The independent Green Economy Leaders Report for Stockholm, recently released by Phillip Rode from LSE cities program might be interesting to inform and cross reference our progress in Canberra. See http://files.lsecities.net/files/2013/06/LSE-2013-Stockholm-Final-Report-webhighres.pdf
I found the following key finding particularly interesting in the chapter and policy response on market failure:
Built form and sustainable transport integration: ‘Stockholm could consider further ‘push’ policies to reduce car ownership and car use by introducing car-free developments and additional restrictive measures. Related ‘pull’ policies could include the promotion of bus travel (Bus Rapid Transit, bus lanes and bus corridors), further multi-modal integration, and a comprehensive cycle strategy. Finally, significant potential exists for the redistribution of public street space from private car use to public transport and walking with a focus on shifting travel patterns from private motorised to public or non-motorised travel.’
Cost/benefit analysis: Narrow cost benefit analyses on the impact of green policies on economic growth often fail to provide the whole economic picture; both the socio-economic costs of negative externalities (eg from climate change and local pollution) and the wider benefits that green cities can foster (eg attracting young entrepreneurs and skilled professionals through a green, high tech urban environment) are generally underestimated or entirely ignored. Indirect costs of green policies on the wider economy are also challenging to measure quantitatively.
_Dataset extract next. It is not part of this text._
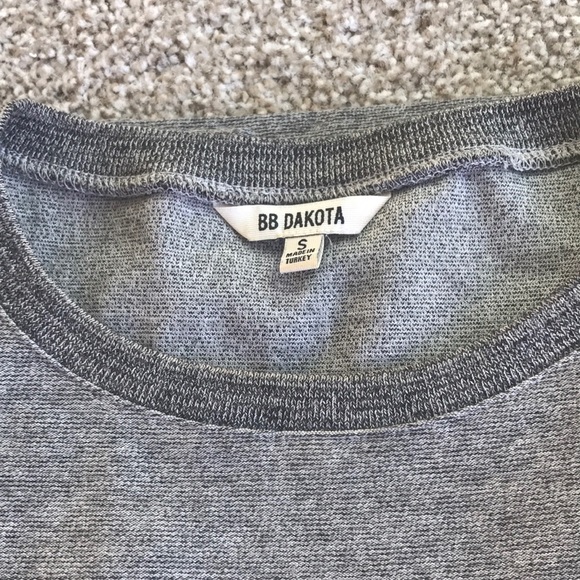 BB Dakota Gray Sweater with Flower Detail - Picture 3 of 6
Public private partnership: ‘In many cases, an efficient mechanism for public investment in green growth is through public private partnerships, with public funds leveraging investment from the private sector. Partnerships are not only effective means of raising capital, but also vehicles for knowledge sharing and collaboration innovation for solving technological challenges that no one firm, research institute or government department can solve alone. Examples include public private waste policy programmes in Durban, eco-district innovations in Portland, Oregon and the city governments of London and Berlin bringing together the large range of actors needed to make electric mobility succeed economically and environmentally.’